“Frogs can hop at any time.”
Pengerang MP Datuk Seri Azalina Othman Said delivered a no-holds-barred speech today when urging the government to expedite her Private Member’s Bill to penalise party-hopping MPs.
In sarcastic remarks that included a Malay poem criticising political defectors, the former de facto law minister and Deputy Speaker of the Dewan Rakyat said her Bill was urgent as “frogs can hop at any time”.
The term “frogs” has become a common reference for lawmakers inexplicably switching allegiances, often for personal or financial gain.
Since 2018, Umno has lost 15 MPs, while PKR has lost 13 MPs to Bersatu.
Azalina also reminded the elected representatives to not abuse the powers they enjoy courtesy of the people’s mandate, as it would be up to the voters to decide on whether to extend their political lifeline or otherwise.
“Therefore, I, on behalf of the ‘gang 44’. The gang that has no positions (in government), would like to impart some views, suggestions, and criticisms to the government, with the hope that this would be received with open heart and arms. Don’t just say yes with your mouth, but in your heart, it’s another thing.
“Firstly, I want to touch on the transformation of governance. The umbrella of the transformation of governance is surely the Anti-Party Hopping Act,” she said, reminding the Parliament of her proposed Bill on the matter and asking for the matter to be expedited.
“Not because of anything else, but if the frog wants to hop, it does not follow any stipulated time, Speaker. Day or night,” she said, before reciting the poem.
Azalina, a trained lawyer, said during debate on the royal address today that her proposed law was crucial to the principles of democracy.
She said the “risk is only one with the proposed law”, which was to create a more open mechanism that would empower voters to decide if an elected representative should be replaced in the event of a defection after the election.
Azalina explained that one must accept that defections were sometimes coerced, and that it should be up to the voters to decide if this must still be punished.
“So, I ask and plead with the minister, my brother, the new law minister, the MP for Santubong, to give a fast-track pathway for my Bill to be debated and taken over by the government as the basis to the Anti-Party Hopping and Sacking of Parliamentary Members Bill 2021, combined, to create a Parliament that is more credible and wholesome,” she added.
Earlier this month, Azalina said that she had submitted notice of her motion for a Private Member’s Bill to provide for recall elections in the event of elected lawmakers’ defections.
The Pengerang MP, in a statement posted on Facebook on September 2, said the notice was to comply with Parliament’s Standing Orders 49(1).
She also reiterated her intentions to form a Caucus on Parliamentary Reform and Multi-Party Democracy among MPs who are interested in doing so.
She added that her proposed Bill would also allow for checks and balances of the MPs by voters.
Powers of AG and PP must be separated
Meanwhile, Azalina also suggested that the government separate the Attorney-General’s Chambers (AGC) from the public prosecutor’s role.
“The AGC and the public prosecutor should not be the same person.

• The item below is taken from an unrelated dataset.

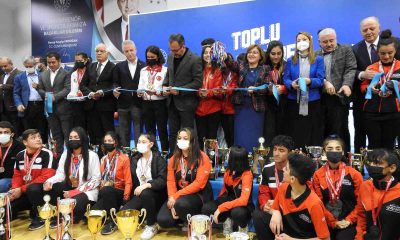 Bakan Kasapoğlu 9 spor tesisinin açılışını yaptı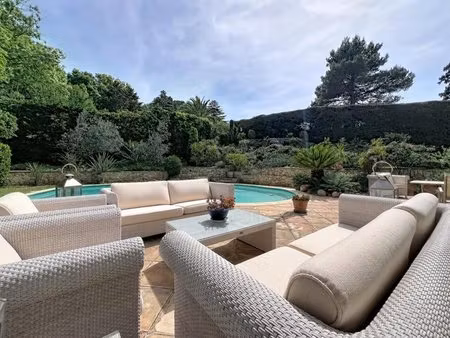 belle bastide familiale au sein d’un domaine privé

The public prosecutor cannot be appointed by the prime minister.
“He or she should be appointed by a separate body such as the Judicial Appointments Commission (which appoints judges) and have security of tenure (cannot be terminated),” Azalina said.
This is to allow the prosecutor to act freely and not be seen as an extension of the executive branch of government, she added.
She said that the AGC, which advises the prime minister and the government, can come from one of the ministers.
“If so, the AG can then answer on behalf of the government in Parliament instead of only sending written replies,” said Azalina.